Great hub, Stephanie! I love the manatees and the colors in your photos. The colors of the water are beautiful. It looks like such a neat area. I would love to see them sometime like that.

Sophie on November 21, 2011:

Awesome hub...I loved your pictures so much...I really wish I could see all of this for myself...hopefully some day :) Thanks for sharing!!

rebekahELLE from Tampa Bay on November 21, 2011:

Stunning!

FloraBreenRobison on November 21, 2011:

Congratulations on winning the daily draw. I have never seen a manatee in person. These are beautiful.

Stephanie Henkel (author) from USA on November 21, 2011:

Hi Simone, I have seen manatees in some of the big aquariums, too, but seeing them in their natural habitat is really amazing. Thanks for stopping in to comment - I always love to hear from you!

Simone Haruko Smith from San Francisco on November 21, 2011:

WOW!! To have seen manatees in person... I envy you, Stephanie Henkel!

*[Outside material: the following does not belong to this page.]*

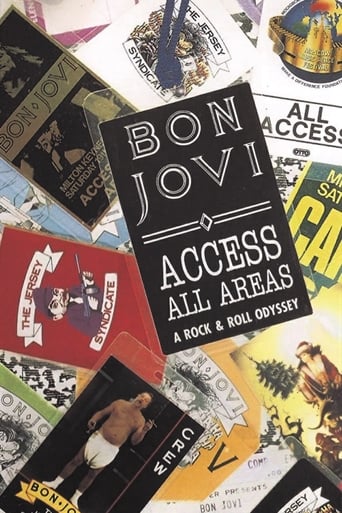 Poster de Bon Jovi | Access All Areas: A Rock & Roll Odyssey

These photos are gorgeous, and I've learned a couple new things about manatees now, too!

Stephanie Henkel (author) from USA on November 20, 2011:

Randomcreative - I was pleased that this one happened to be my milestone 100th hub as I have a special fondness for the manatees and Blue Spring park. Thank you for stopping in to read and comment on my hub. I appreciate your support!

Rose Clearfield from Milwaukee, Wisconsin on November 20, 2011:

Great topic for a hub! Thanks for sharing so many beautiful pictures.

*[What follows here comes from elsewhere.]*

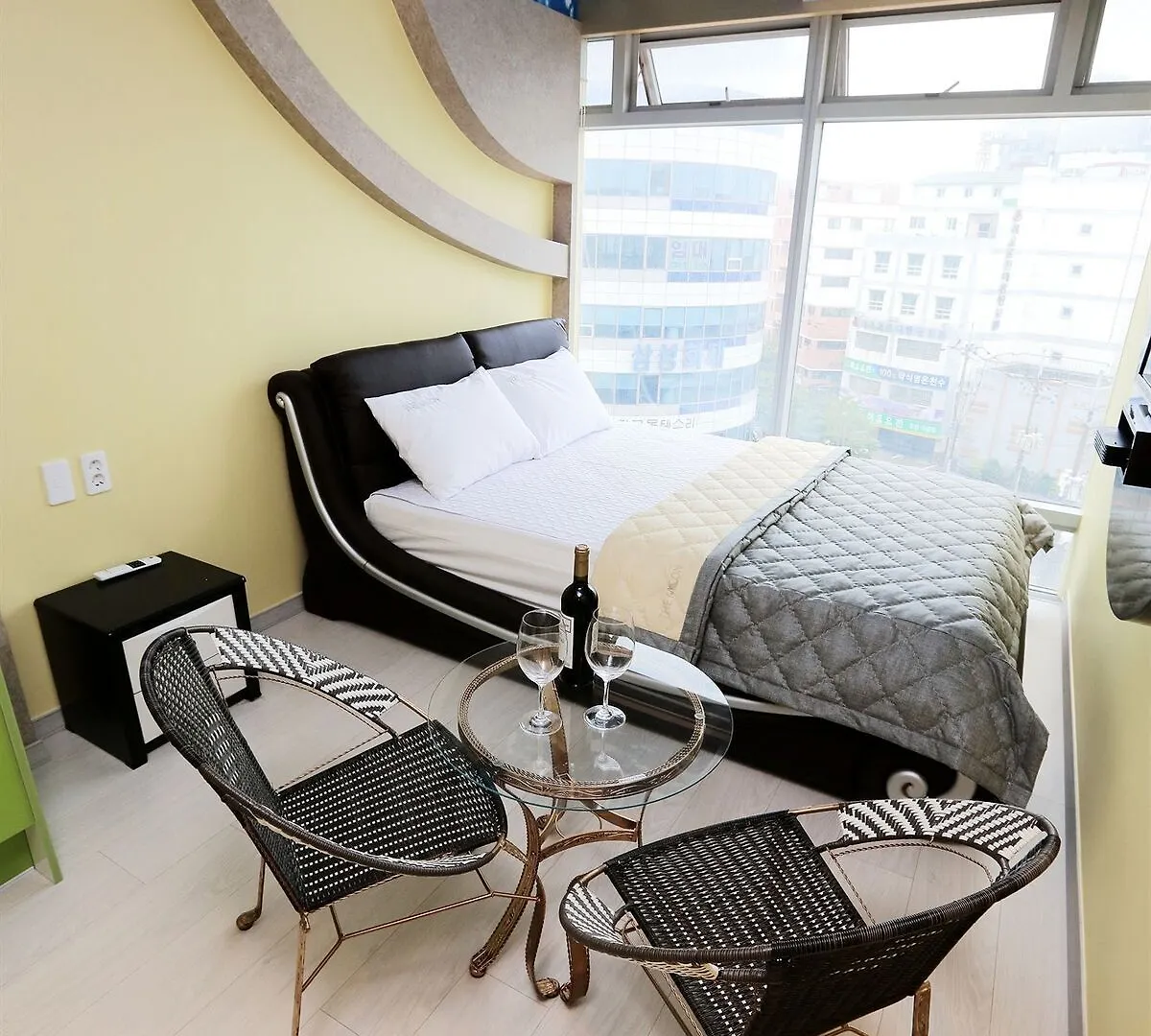 Residence The Moon Busan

Congrats on reaching 100 hubs!

Stephanie Henkel (author) from USA on November 19, 2011:

Hi Sunshine, Yes, long live the manatee! I fell in love with them the first time we saw them in Florida, and felt sad at their plight. It was so wonderful to see them in the beautiful setting of Blue Spring park. Thanks for stopping in and for your good wishes and comments!

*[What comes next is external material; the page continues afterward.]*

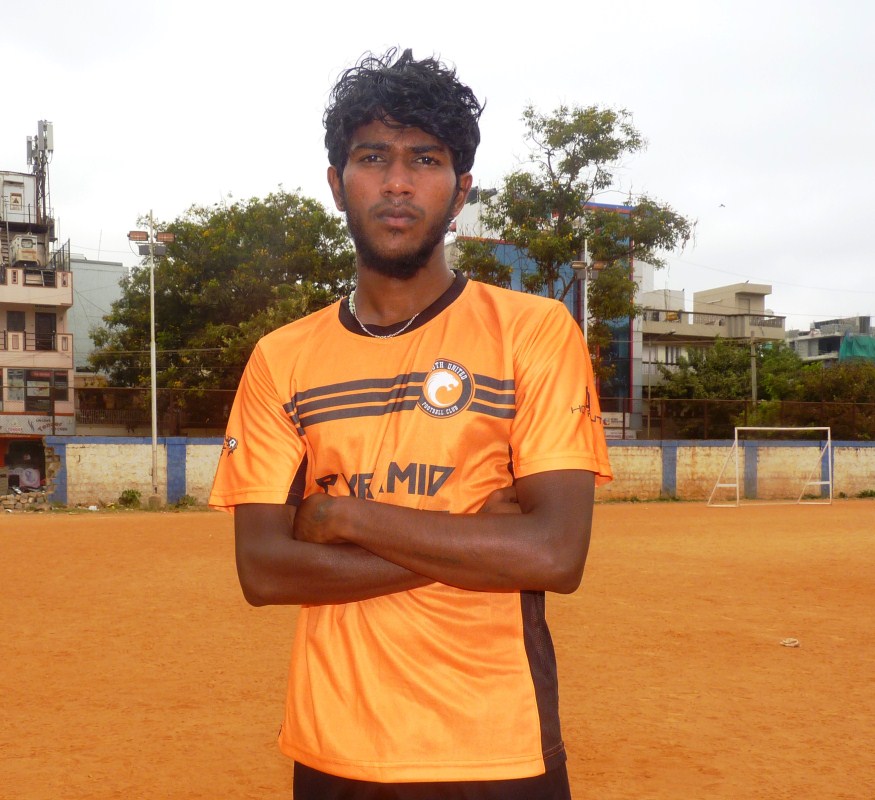 South United is a professional football club based out of Bangalore formed in August 2012. The club plays in the Bangalore Super Division and has also participated in the I-League Division 2. South United won their premier victory at Kolhapur with the prestigious Kedari Redekar United Cup by beating Pune FC. South United has consistently been in the top two in the Bangalore Super Division League since its inception.The team comprises of all Indians with the average age being 20 years. 71st Senior National Football Trophy,Santosh Trophy 2017,Karnataka in Santosh Trophy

Linda Bilyeu from Orlando, FL on November 19, 2011:

Beautiful photos to compliment your 100th Hub! Congratulations! Long live the manatee!

Stephanie Henkel (author) from USA on November 19, 2011:

Puter - I've read that swimming with the manatees is also discouraged because it disturbs their eating habits. But I would think it wouldn't be a good idea to get too close to a female with a calf, either.

Mike Bouska from Midwest USA on November 19, 2011:

When we first moved there, they allowed swimming with the manatees, but I think in 1996 or 97 it was outlawed after someone injured or killed a young manatee.

Stephanie Henkel (author) from USA on November 19, 2011:

Carmen H - Hello again, Carmen! I'm so happy that you enjoyed this hub about Manatees and Blue Springs. Thanks so much for visiting and commenting - I always love hearing from you!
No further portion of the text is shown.